[mirrorbrain] Re: Repository delta download und Mirrorbrain 2.13

From: Peter Pöml <peter_at_poeml.de> Date: Tue, 19 Oct 2010 04:26:58 +0200 · This archive was generated by hypermail 2.3.0 : Tue Oct 19 2010 - 11:17:06 GMT

Hi Micha,

thanks for the patches!

I'm including the MirrorBrain mailing list in my reply, which is the
best place for all communication about MirrorBrain development. Since
your mail is about code, I hope you pardon me for taking your private
mail where it belongs.

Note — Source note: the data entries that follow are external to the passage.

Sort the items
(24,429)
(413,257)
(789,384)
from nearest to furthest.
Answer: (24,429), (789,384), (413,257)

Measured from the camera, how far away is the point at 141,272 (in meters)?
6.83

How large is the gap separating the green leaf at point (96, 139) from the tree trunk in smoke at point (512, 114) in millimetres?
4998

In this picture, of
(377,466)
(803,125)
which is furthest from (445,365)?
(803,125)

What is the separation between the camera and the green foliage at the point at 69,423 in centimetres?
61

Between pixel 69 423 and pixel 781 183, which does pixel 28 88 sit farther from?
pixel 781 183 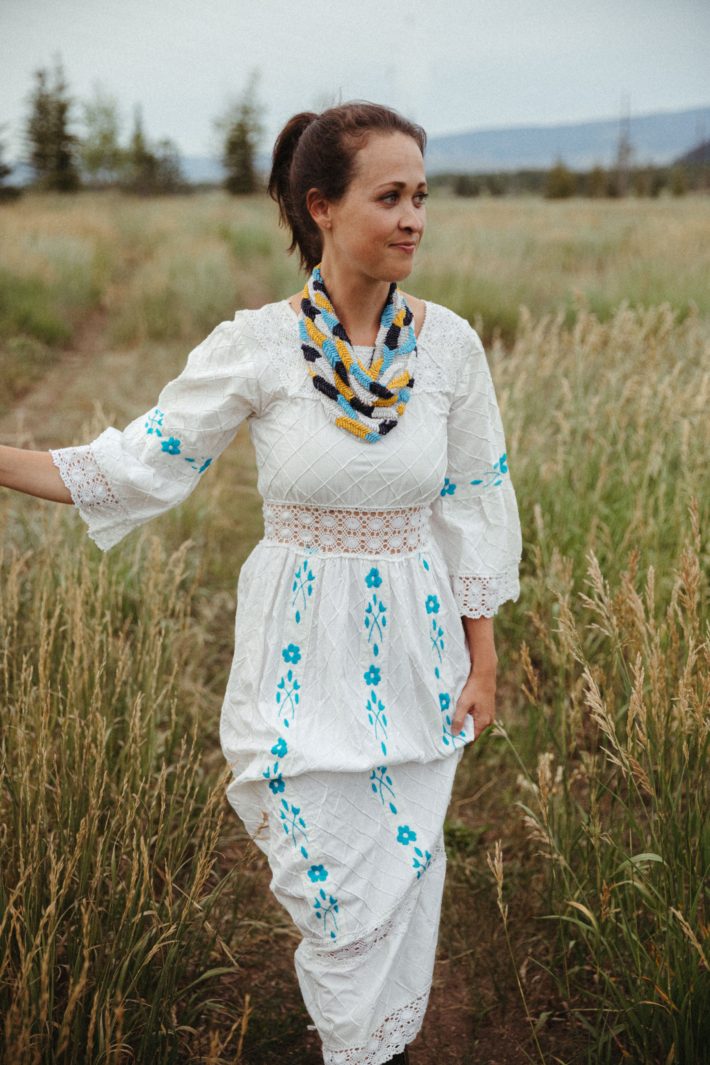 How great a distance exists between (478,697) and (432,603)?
279 millimetres

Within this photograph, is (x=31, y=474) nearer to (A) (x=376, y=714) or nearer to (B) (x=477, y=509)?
(A) (x=376, y=714)

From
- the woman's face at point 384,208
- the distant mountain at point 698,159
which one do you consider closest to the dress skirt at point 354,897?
the woman's face at point 384,208

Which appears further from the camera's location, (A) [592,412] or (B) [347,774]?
(A) [592,412]

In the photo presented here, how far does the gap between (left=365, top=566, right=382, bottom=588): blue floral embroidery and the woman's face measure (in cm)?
60

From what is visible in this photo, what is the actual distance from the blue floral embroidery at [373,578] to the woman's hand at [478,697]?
386mm

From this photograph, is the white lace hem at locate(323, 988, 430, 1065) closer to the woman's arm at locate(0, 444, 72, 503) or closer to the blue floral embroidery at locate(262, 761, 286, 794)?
the blue floral embroidery at locate(262, 761, 286, 794)

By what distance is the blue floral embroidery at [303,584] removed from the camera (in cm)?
193

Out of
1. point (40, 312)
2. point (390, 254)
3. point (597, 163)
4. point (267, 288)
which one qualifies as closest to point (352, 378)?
point (390, 254)

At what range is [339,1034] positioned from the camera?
6.09ft

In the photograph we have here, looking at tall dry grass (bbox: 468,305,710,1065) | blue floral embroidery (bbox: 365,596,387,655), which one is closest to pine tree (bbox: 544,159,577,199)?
tall dry grass (bbox: 468,305,710,1065)

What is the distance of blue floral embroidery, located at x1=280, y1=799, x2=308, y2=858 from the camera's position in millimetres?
1850

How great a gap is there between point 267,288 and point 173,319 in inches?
124

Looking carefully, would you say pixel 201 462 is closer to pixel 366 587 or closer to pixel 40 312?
pixel 366 587

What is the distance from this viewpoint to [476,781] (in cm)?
319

It would be great if you could write directly to
the list next time, so the community is not excluded. (Or open a bug,
which also prevents things from collecting dust deep in my mailbox :)

Comments below, scattered inline.

On Mon, Oct 04, 2010 at 06:52:22 +0200, Michael Schroeder wrote:
> 
> Hallo!
> 
> On Fri, Sep 24, 2010 at 11:34:23AM +0200, Michael Schroeder wrote:
> > On Thu, Sep 23, 2010 at 07:44:41PM +0200, Peter Pöml wrote:
> > > MirrorBrain 2.13 hat zsync-Support, der in Form von "herunterladbaren" .zsync Files daher kommt.
> > > http://mirrorbrain.org/docs/configuration/#configuring-zsync-generation
> > 
> > Das weiss ich, aber das brauch ich nicht. Ich brauch das Metalink
> > File mit Zsync Blockchecksummen, ich moechte kein weiteres File
> > herunterladen.
> 
> Ich hab jetzt den attachten Patch bei uns laufen.
> 
> Folgende Sachen solltest Du auf jeden Fall uebernehmen:
> 
> mb/mb/hashes.py dump_2_12_template:
> 
> </verification> sollte nicht im "if" Block ausgegeben werden,
> wenn do_chunked_hashes False ist, fehlt es.
> 
> _at_@ -374,7 +388,8 @@ class HashBag:
>                  r.append('            <hash piece="%s">%s</hash>' % (n, piece))
>                  n += 1
>  
> -            r.append('        </pieces>\n      </verification>\n')
> +            r.append('        </pieces>')
> +        r.append('      </verification>\n')
>  
>          return '\n'.join(r)

Ah, good catch - I'd just suggest to add the missing newline after </pieces>.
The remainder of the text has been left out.